Eric Newman: "The war on drugs is never really near an end"

by Gabriel Lerman February 14, 2020
Showrunner Eric Newman

rachel murray/getty images

He was one of the madmen who pitched Narcos to Netflix, a show about Pablo Escobar with a Brazilian actor playing him, mostly on Spanish but with an American point of view. As we all know, it was a huge success, nominated in its first season for a Golden Globe as Best Television Drama and one as Best Performance by an Actor in a Television Series - Drama for Wagner Moura. The show was also a launching pad for Pedro Pascal and Boyd Holbrook to become movie stars and continued for four more seasons, moving from Colombia to Mexico after the third, when Diego Luna and Michael Peña became the main characters. In the fifth season of the show now named Narcos Mexico, Diego Luna is still the main figure, while up and coming Scoot McNairy is the DEA agent who arrives in Mexico to seek revenge for the killing of Kiki Camarena (Peña). We sat down with Eric Newman, Narco’s showrunner from the second season on and producer of films like Children of Men, Robocop and Dawn of the Dead, to talk about his incredible journey through Latin America in search of the truth about the war on drugs.

Now that you have finished the fifth season of Narcos, how surprised are you about what you have achieved through these five seasons? 

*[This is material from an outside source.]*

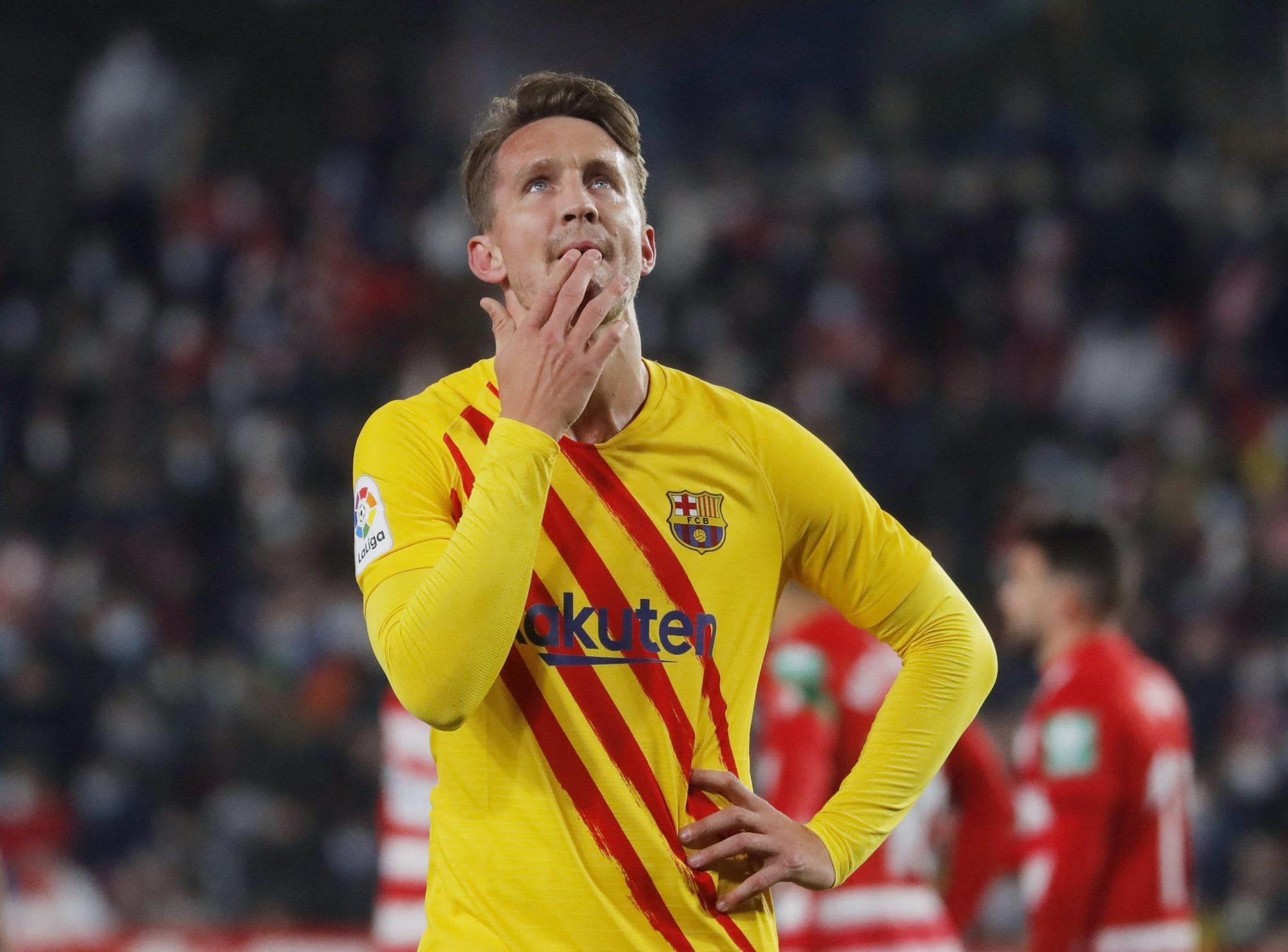 Luuk en el partido ante el Granada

I am surprised certainly, but I am also horrified that this drug war has gone on for so long. It has created so many villains and victims and I suppose the thing that I always come back to, which is very much in the theme of the show, is that we are getting nowhere.  It’s a very good question and I think it really speaks to the circular nature of this endeavor that we call the war on drugs, it never really nears an end, it just continues.  And I think that is something that I always find shocking when I contemplate it and yet it also makes perfect sense when I look at how we are waging this war.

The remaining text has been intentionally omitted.